The number of people looking for work in Hartlepool fell last month.
New official labour market statistics show there were 2,735 people claiming out of work benefits in the town in November - a fall of 10 since October but up by 220 year-on-year.
There were 1,650 people claiming benefits in the Easington constituency, a fall of 35 since October but up 275 over the year; 1,310 in the Sedgefield area, down five on the previous month but up 165 over the year, and 2,300 in the Stockton North constituency, a rise of 35 on the month and 100 up over a year.

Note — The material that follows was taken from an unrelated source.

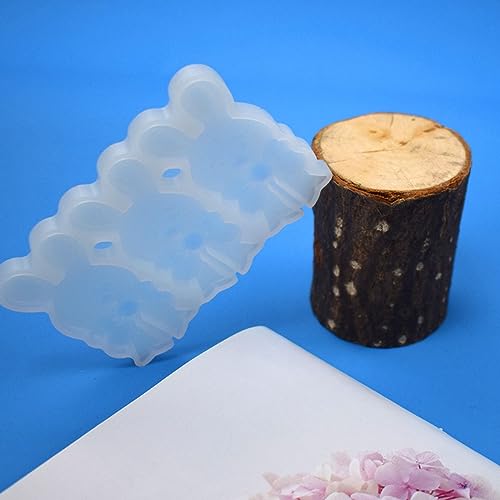 mostsom Cute Rabbit Resin Epoxy Silicone Mold Diy Chocolate Rattle Shaker Lollipop Mould Cake Decorating 2PCS (L_ Rabbit) - size: L_ Rabbit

Across the North East, the number of people in work rose by 33,000 over the year, to 1,207,000 - but the claimant count is also up by 4,400 to 52,300, as more people have entered the jobs market. The number of people classed as ‘economically inactive’ in the region dropped by 10,000 to 399,000 over the last year.

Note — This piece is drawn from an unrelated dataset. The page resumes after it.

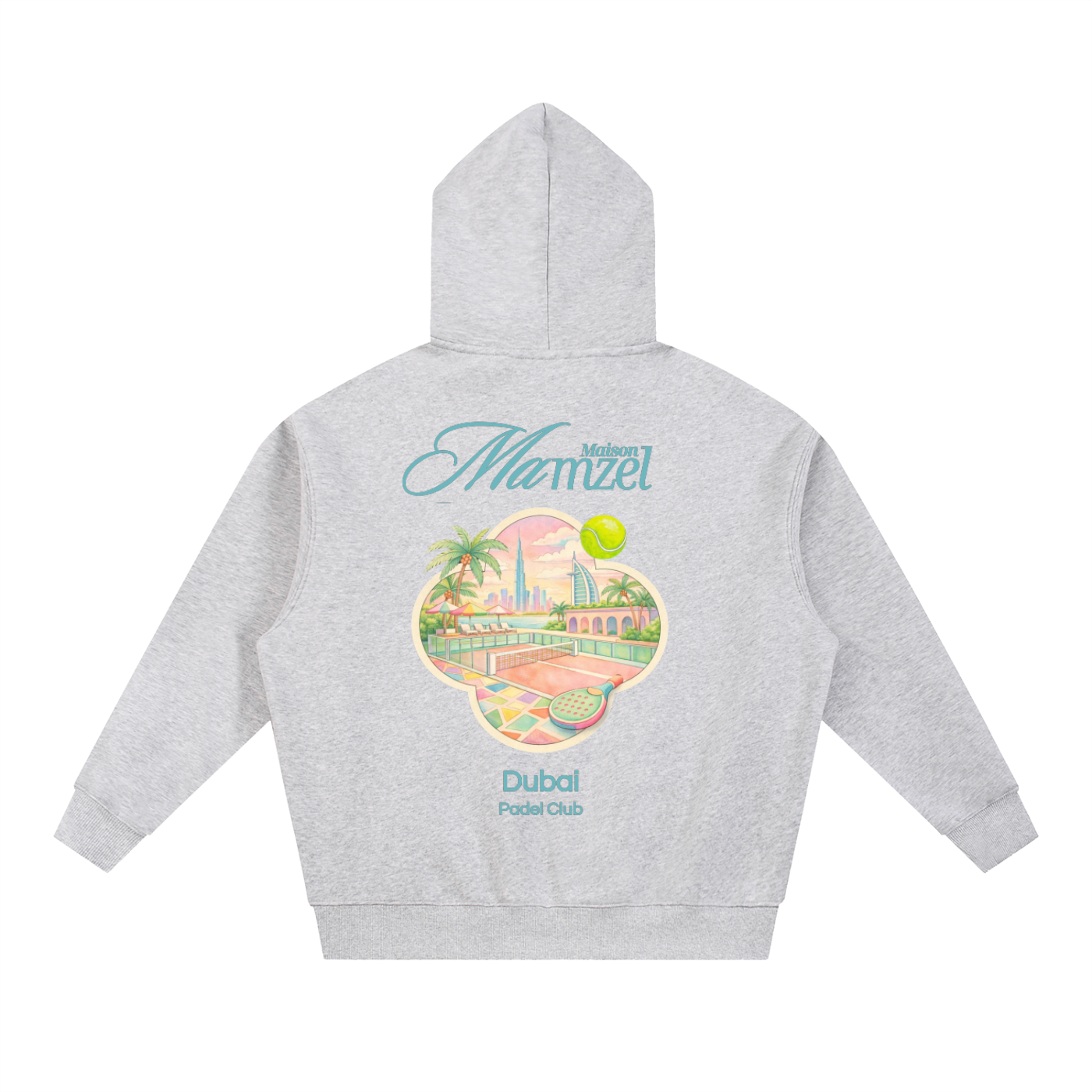 HOODIE OVERSIZED PADEL CLUB DUBAI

Karen Houghton, of Hartlepool JobCentre, said the town’s employment market was buoyant.
The centre has recently worked with B&M, Frankie and Benny’s and WH Smith on recruitment.
“In terms of what is happening, it is all good,” she said.
North East England Chamber of Commerce police adviser Paul Carbert said: “The employment statistics show little change on the previous three months, but steady progress has been made over the past year on increasing employment and reducing unemployment.
“The North East saw the largest increase in the employment rate over the past year, and the largest fall in the unemployment rate. It is positive news that we end 2016 in a significantly better position than last year.
“There is more work to be done to match up skill levels in the workforce with the needs of employers, and the chamber will be supporting members in 2017 to upskill and retrain experienced workers and open up opportunities for the unemployed.
“We need to have a working North East where everyone contributes to our economy.”
North East Local Enterprise Partnership head of strategy and policy Richard Baker added: “Today’s statistics for the North East mirror those of the national economic picture which suggest a slowing down in the UK labour market over the last quarter.
“Whilst the position remains much improved on the position a year ago, employment numbers are currently largely static overall. Unemployment has fallen again slightly, while the numbers of people economically inactive has increased.
“Within the employment figures for the region, one detail is that we are seeing an increase in the number of people in full-time work which is encouraging, with a drop off in the numbers of people in part-time and temporary work.”